I recently read an article in Surfers Journal about women surfing postpartum, and the decision to have a baby riding on the idea of still being able to live the free life that comes with surfing. Ultimately the words free and baby don’t really fit. As many of you know, once we have a baby a lot of our freedoms go out to sea and only sometimes drift up on the shoreline for us to quickly dip our toes in before heading back. The gist of the article was overall quite realistic – scrapping the picture of surf checks and hangs down at the beach and turning it into dragging kids and their things to the beach, with more of a focus on them as opposed to you. But giving yourself the time of day to do something for yourself generally makes mums happier, and it can also give your kids something to aspire to. Exercise (just like eating well) is healthy – we should be modelling this from a young age.

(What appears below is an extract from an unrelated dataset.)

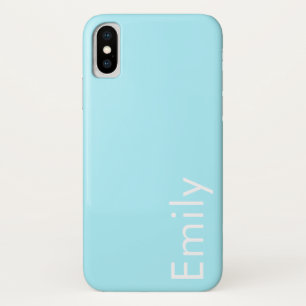 Your Own Name or Word   Soft Sky Blue iPhone X Case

Last week, Renee and I delivered a presentation on nutrition to the Turia Pitt RUN program, inspiring mums to get back into exercise, specifically running, after giving birth. This sparked something in me to tell my story because, while I haven’t been running, getting back into the water was a huge goal for me postpartum. So here goes.
I was 3 months pregnant, down at a heavy beach break and I paddled out feeling slightly nauseous after a cheeky spew (thanks to the morning sickness) followed by scoffing down my porridge for breakfast. Just your average morning being pregnant, right!? My board no longer felt like it could hold the weight I was putting on. While I wasn’t showing, laying on my belly didn’t feel right and my balance felt a bit off. After that I surfed a few more times on a long board and called it quits, much to my dismay, as I’d read about all these women who surfed up until the day they popped! But I had goals and I was determined to reach them – it was due to be Summer when I gave birth and I wanted to be back in the water. So I just kept swimming. One of the old men with a beer belly lent me their wetsuit so I could keep swimming ocean laps while my own ‘beer’ belly grew. It was here I felt like I could glide, I could float – it wasn’t surfing, but it was something magical still and I was in the ocean.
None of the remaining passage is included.